To recall the basic set up, if we have a (time homogeneous) Markov Chain $X_n$, we say that states $i$ and $j$ communicate if there exist $n$ and $m$ such that $P_i(X_n=j)>0$ and $P_j(X_m=i)>0$. (Recall that $P_i$ is just the conditional probability measure on the event $X_0=i$; i.e., $P_i=P(\cdot\vert X_0=i)$.) Communication is an equivalence relation and partitions the state space into disjoint sets. We will call the elements of the partition classes.

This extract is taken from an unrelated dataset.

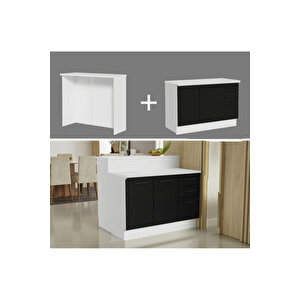 Victor Mutfak Adası Alt Modül 120 Cm- Tezgah Dahil-çok Amaçlı Dolap-alt Modül-2 Kapaklı 3 Çekmeceli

Now, in a book on stochastic processes, they say that a class is transient if the M.C. starts in the class then eventually leaves and never returns with probability 1. Mathematically, a class $T$ is transient if $$P\left(\bigcup_{N\ge 1}\bigcap_{n\ge N} \{X_n\in T^c\}\,\vert\, X_0\in T\right)=1.$$ The states in the transient class are called transient states. They then define a recurrent class as a class that is not transient; i.e., $R$ is recurrent if $$P\left(\bigcup_{N\ge 1}\bigcap_{n\ge N} \{X_n\in R^c\}\,\vert\, X_0\in R\right)<1.$$ Again, the states of $R$ are called recurrent states.
I recognize that one usually defines the terms recurrent and transient in a slightly different way; i.e., usually one starts by defining recurrent and transient states, opposed to the classes. And, furthermore, the definition usually is stated with the probability that a state returns to itself in finite time, opposed to whether the chain stays in the class. However, I would like to work with the definition I provided. (Unless of course something is wrong, in which case I would like a correct definition in terms of classes.)
I would like to prove some familiar things about recurrent classes. For example, I would like to prove the following:
(i) If $R$ is recurrent then $P\left(\bigcap_{n\ge 1}\{X_n\in R\}\,\vert\, X_0\in R\right)=1$, i.e. if the chain starts in $R$ then it never leaves with probability $1$.
(ii) If $R$ is recurrent then $P\left(\bigcap_{N\ge 1}\bigcup_{n\ge N}\{X_n=i\}\,\vert\, X_0=i\right)=1$ for all $i\in R$, i.e. the chain will return to $i$ infinitely often if it starts at $i$.
I wasn't having too much luck myself trying to rigorously prove these using the definitions of transient and recurrent classes that I provided. Would appreciate help to proving these.